Whatever the terminology eating tapas at a bar, while drinking a glass of manzanilla is a fantastic experience. Venues that sell tapas vary hugely; from tiny bars with containing only dozens of shouting customers, hanging hams and board covered barrels as the bar top, to glittering restaurants in elegant 18th century buildings. In the former case when you make an order, your tab will be written on the bar top in chalk, the length of the chalk scrawls a graphic reminder of how much you have eaten at the end of the evening. The types of foods available varies a great deal from venue to venue and also between regions. Here are some of the more interesting intems that I have eaten, along with the raw ingredient in some cases.
Casa Balbino. An lovely atmospheric tapas bar in Sanlucar. This bar is so popular that although there is a huge amount of outdoor seating and there is still times when you have to prowl around the outskirts of the seating, waiting for a table to become free. The food is very good and the staff second to none. I should stress this last point, as really they were very good to me, considering my profound lack of Spanish and how busy they were.

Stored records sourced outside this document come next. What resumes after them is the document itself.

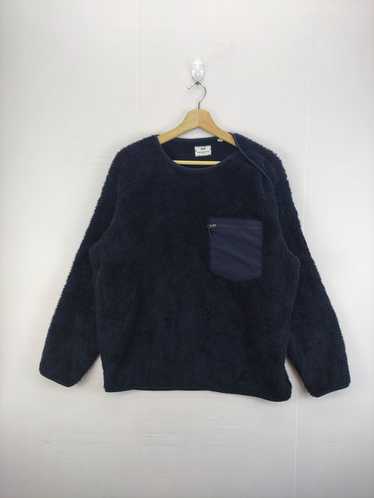 Engineered Garments × Uniqlo × Vintage Engineered… - image 1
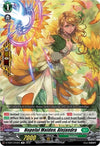 Image for Hopeful Maiden, Alejandra (D-TD01: Urara Haneyama -Bandmaster of Blossoming Bonds-) (D-TD01/010EN) - Cardfight Vanguard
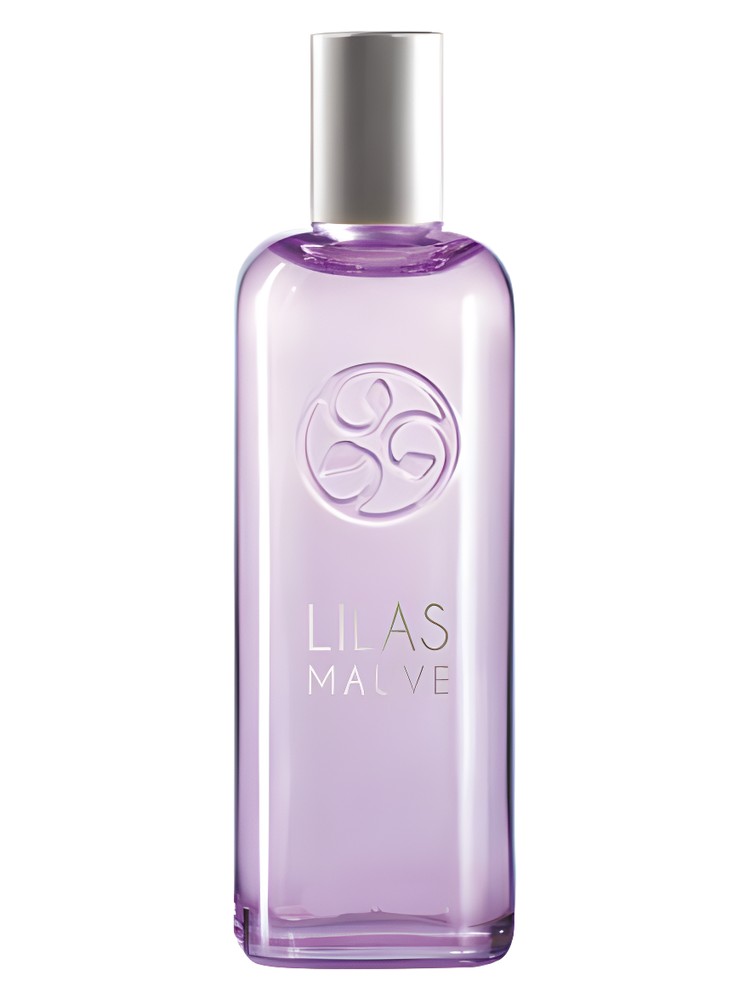 Lilas Mauve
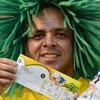Video Brazil tăng an ninh trước thềm World Cup 2014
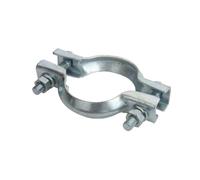 Bosal 254-387 Pièce de serrage, échappement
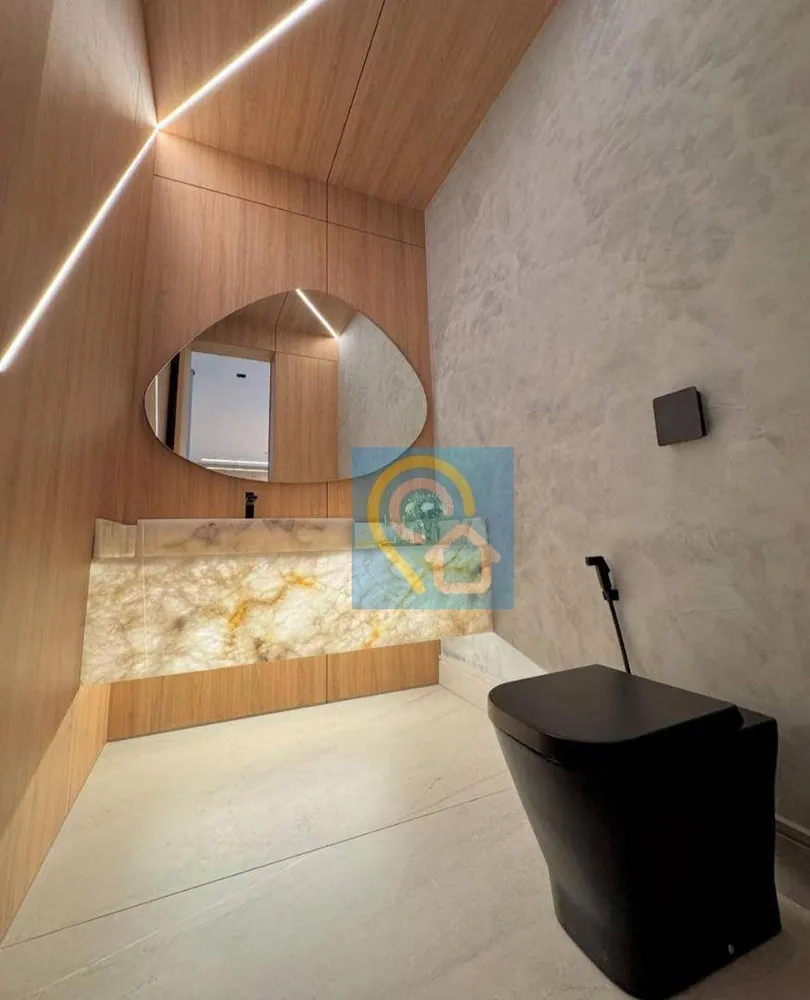 Casa de Condomínio, 6 quartos - Foto 12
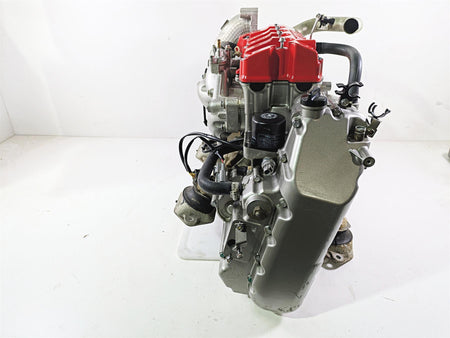 2004 Honda Aquatrax R-12X Running Engine Motor & Turbo - Video 11000-HW1-315 {{ shop.shopifyCountryName }} - Mototech271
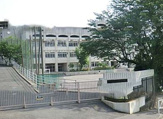 川崎市立 平中学校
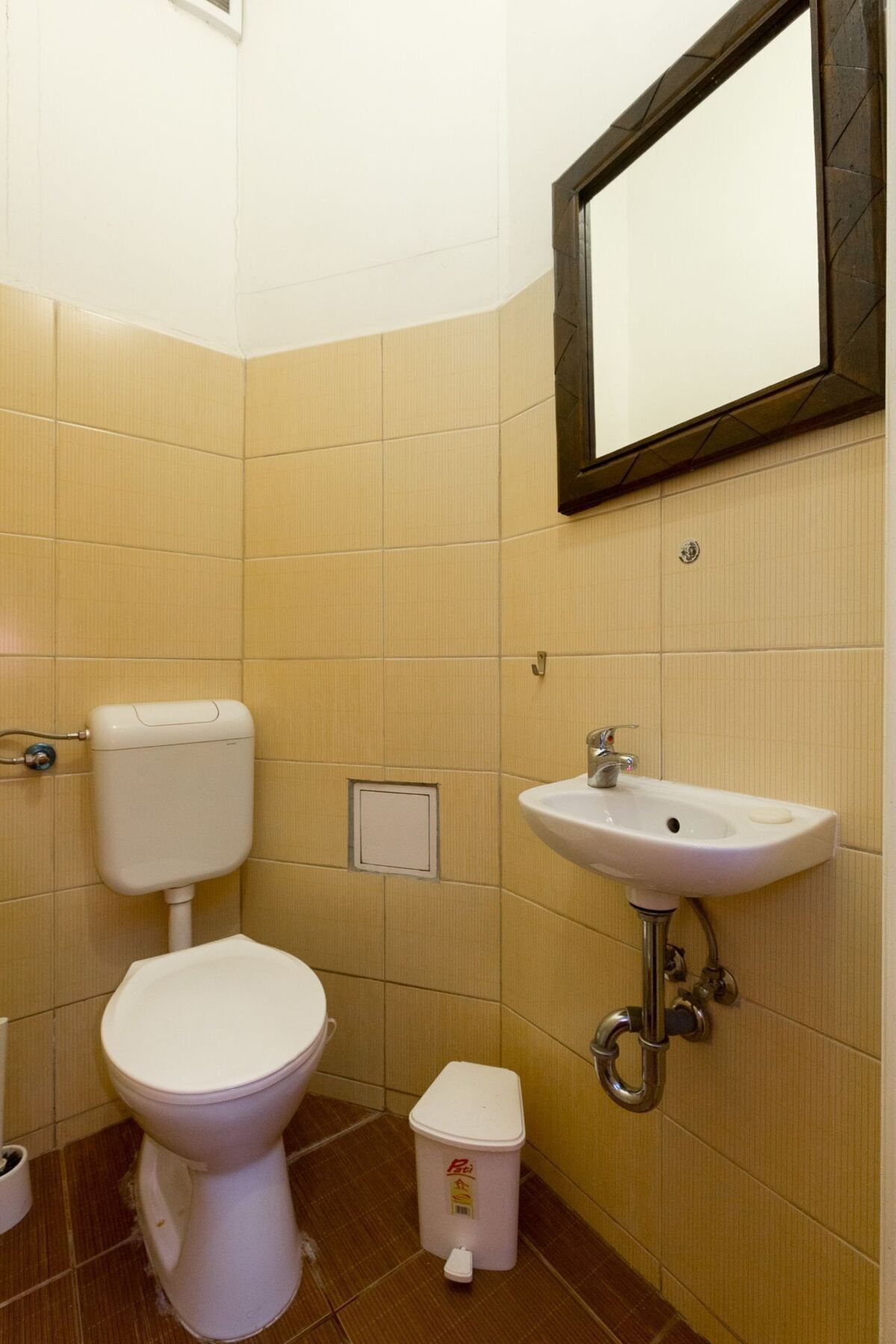 Bpm-maharaja Guest house Budapest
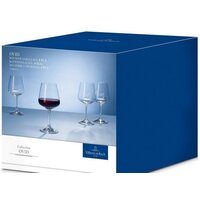 Набор бокалов для вина Villeroy & Boch Ovid 11-7209-8110 - Превью изображения №5 — Интернет-магазин Time-Shop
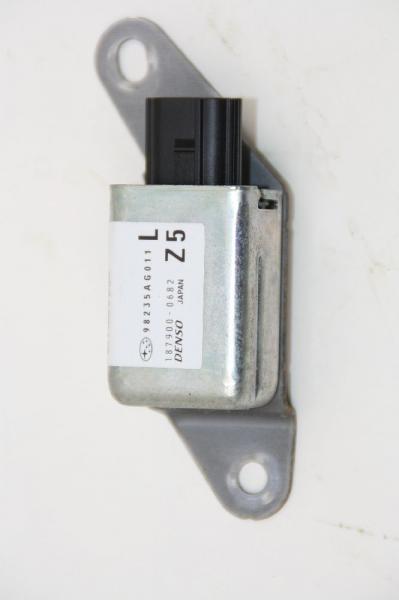Fensterheber hinten rechts Nissan QASHQAI I 82700JD400 ohne Motor 04-2007 gebraucht 2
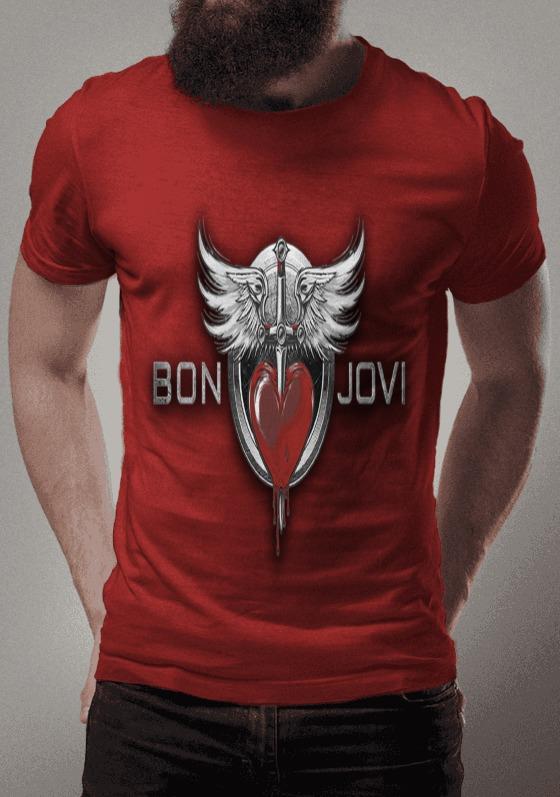 Bon Jovi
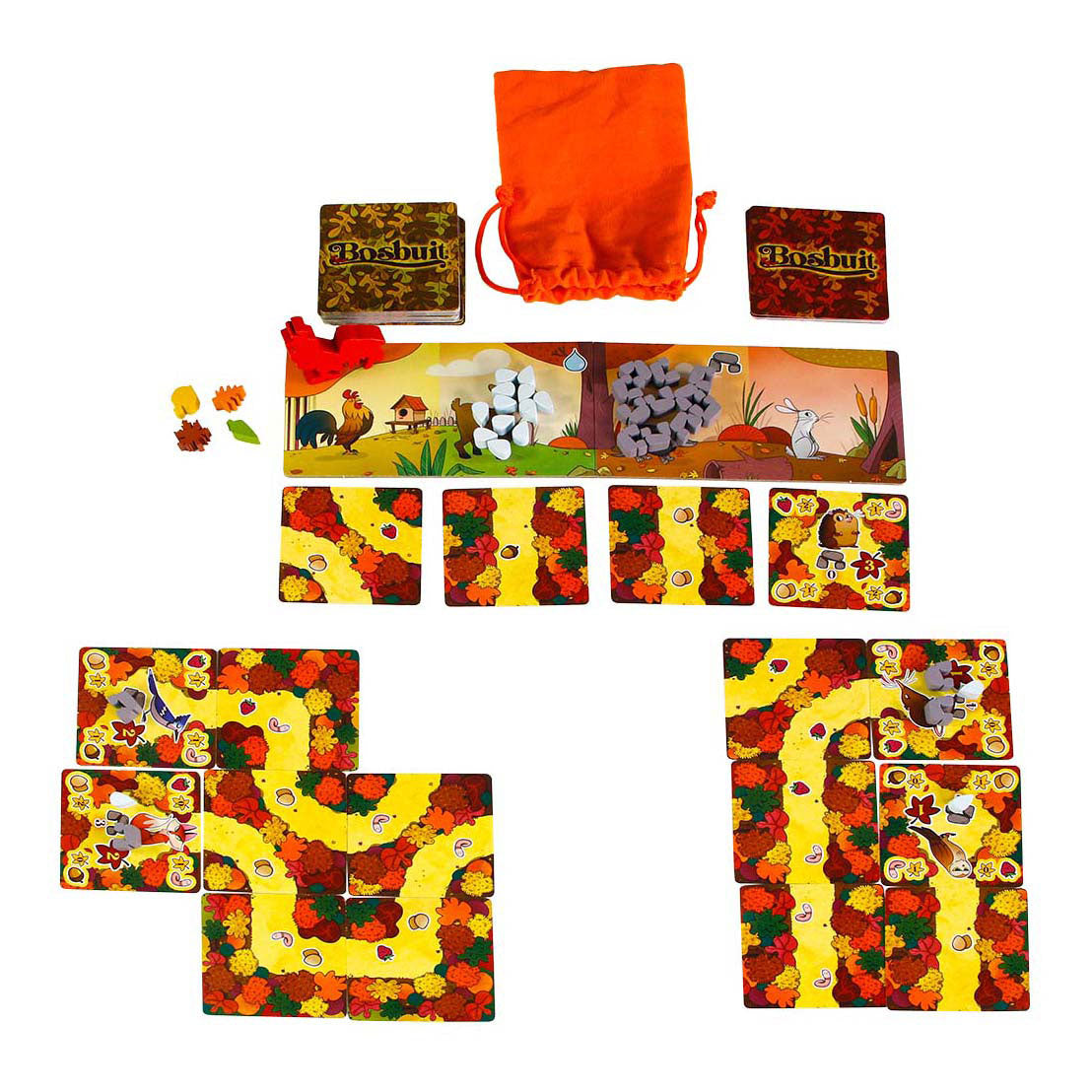 999 matchs 999 jeux jeu de cartes de bosbuit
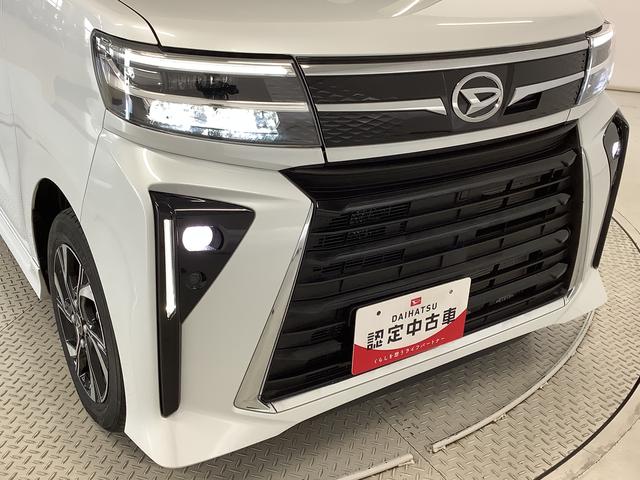 タントカスタムＸ　ワンオーナー　ＣＤオーディオ　ＥＴＣ　１４ＡＷ走行無制限１年保証　両側電動スライドドア　ワンオーナー　ＣＤオーディオ　ＥＴＣ　前後コーナーセンサー　前席シートヒーター　オートマチックハイビーム　ＬＥＤヘッドライト　１４インチ純正アルミホイール（兵庫県）の中古車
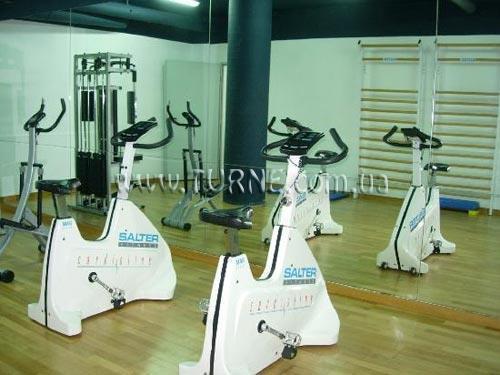 Вид Augusta Club 4*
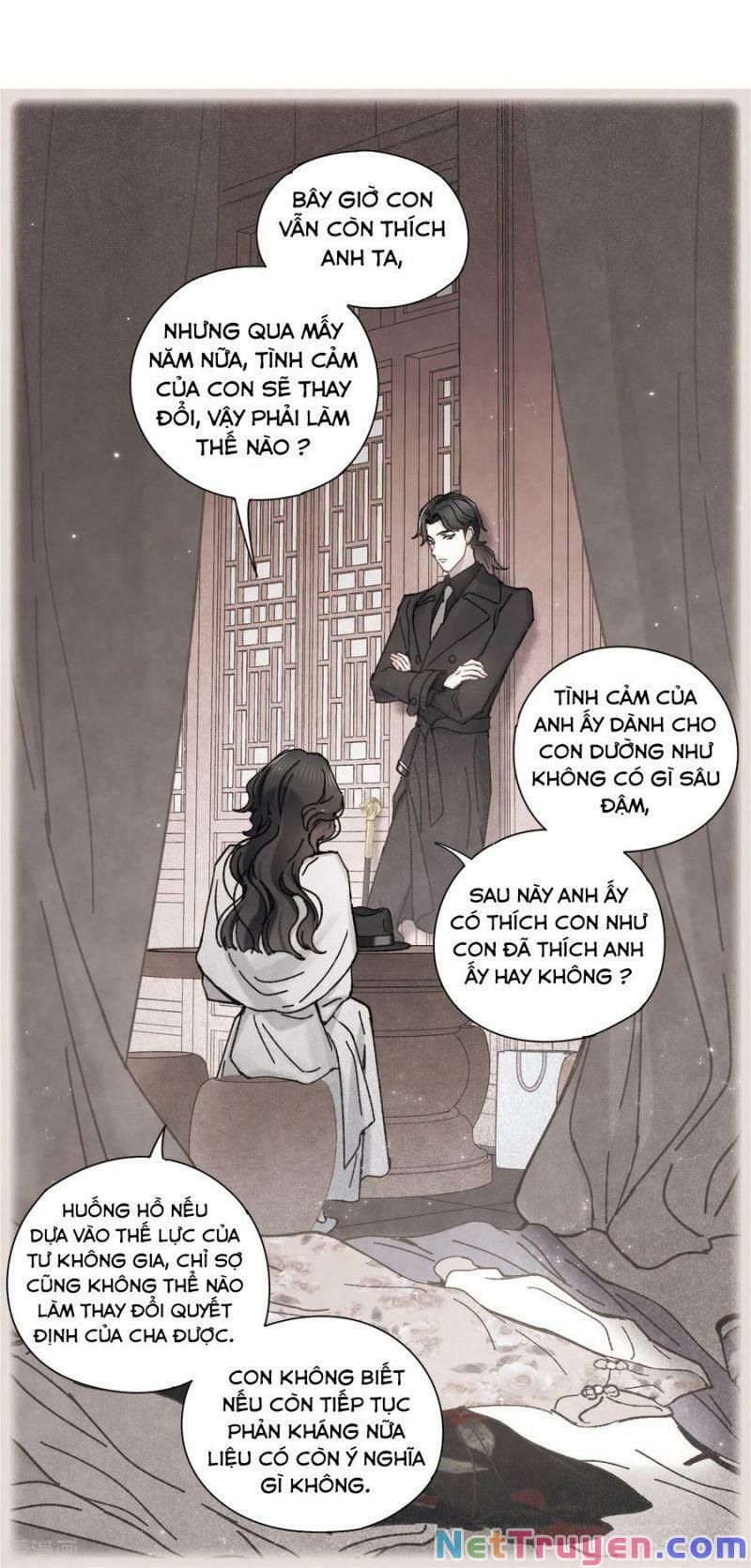 đọc truyện Mejaz - Nhân Gian Ngọc Chương 119 ảnh 4 tại Thiên Thai Truyện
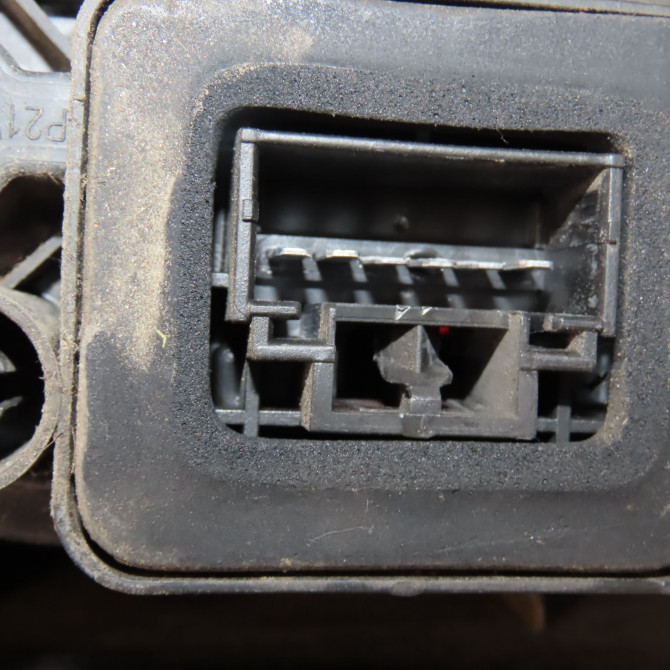 Feu arrière gauche occasion FIAT FIORINO III Phase 1 01-2008->... 1.3 MULTIJET 16v 95ch 1391434080 3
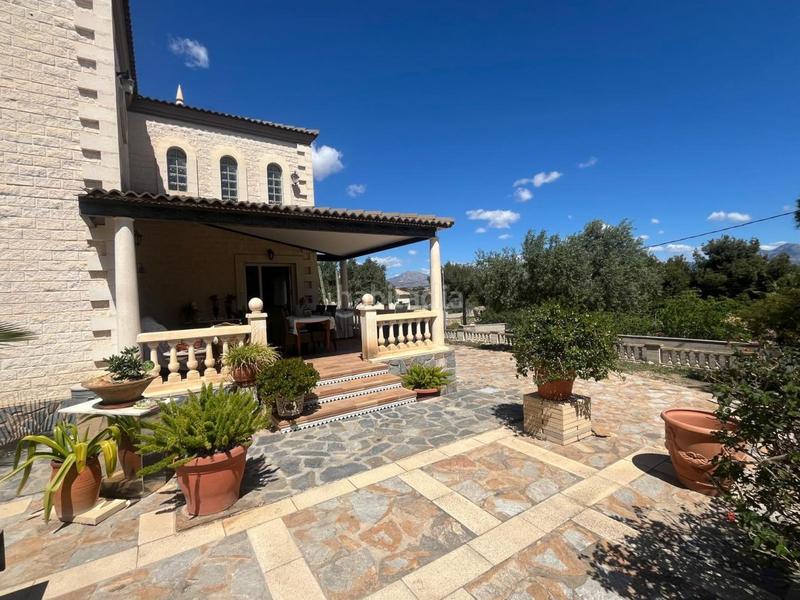 Foto a8dfebee-968f-46c3-a597-1911c249bb06. Chalet en Los Girasoles Sant Vicent del Raspeig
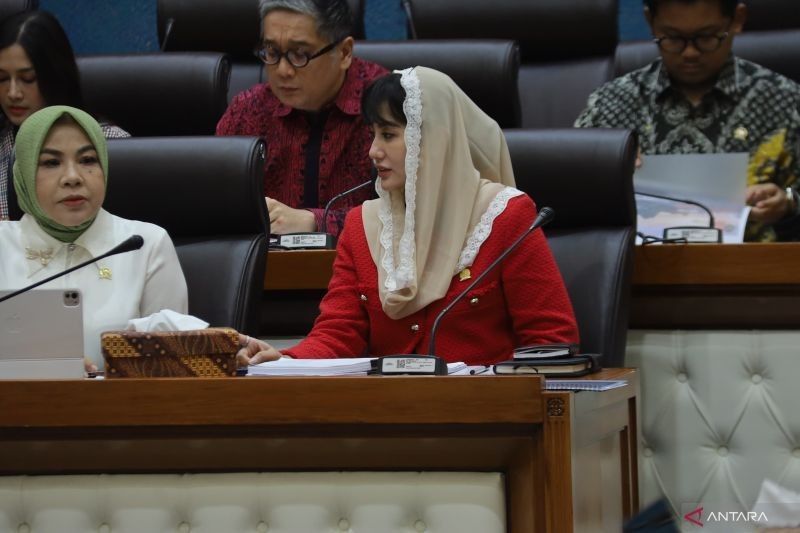 DPR Desak Pemerintah Lebih Inovatif Kembangkan Pariwisata Nasional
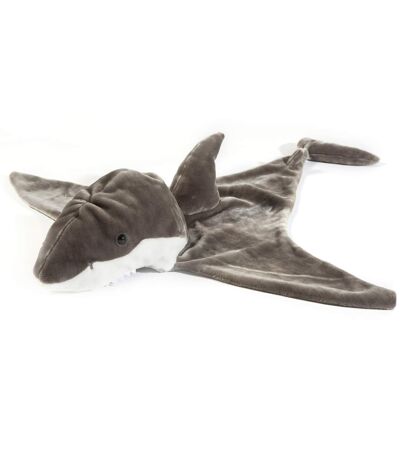 Déguisement en peluche pour enfant Aquatique Requin Jack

Here are some more interesting items on the menu.
Ortiguillas in there raw state, as sold in the market. These are actually Snake-locks anenome (most likely Anemonia sulcata). These were simply floured and fried and served with a side of cabbage salad (cabbage, paprika, cumin, lemon juice and olive oil). They have a similar brine-iodine flavour as fried oysters, but a much softer, almost creamy texture. Well worth trying.
The fried Ortiguillas.
Tiny shrimp (most likely Palaemon longirostris) used for marking Tortillas de Camarones. See this link for a video of them hopping about like fleas at the market. These tortilla demonstrate why Andalucía is famous in Spain for it's fried dishes. They huge crispy wafers of shrimp which really are quite extraordinary, a beautiful demonstration of the fryer's art.
A fiddler crab (Uca tangeri) next to a sprig of marsh samphire (Salicornia europaea) on mudflat on the Guadalquivir river. Apart from the mud, all quite edible. On the Sanular side of the river, the large claws of the male crabs are harvested. In theory, once returned the crab lives to produce another claw. I have seen a similar practive of claw harvesting on large brown crabs on the west coast of Ireland.
Boca (the local name of the fiddler crab) as served as a tapa.
A bag of snails, Theba pisana to be exact. These tiny snails under go aestivation during the summer months, where they climb up any upright structure and go dormant in great pearly clusters. In the market these snails (as well as several other species) were sold with small bags of specific spices to cook them with. The spices used were: Anise, coriander, black pepper and chilli.
The cooked caracoles, served in there cooking liquor. Many places don't even mention the word caracoles, just a few spirals of chalk on the blackboard seems to be enough to send a great proportion of the local population into a snail eating frenzy. They are delicious and it is a nice way to kill some time chatting, picking out the flesh with a toothpick and sucking any stubborn bits out of the shell. The broth was delicious, almost rosemary flavoured, I could drink it alone.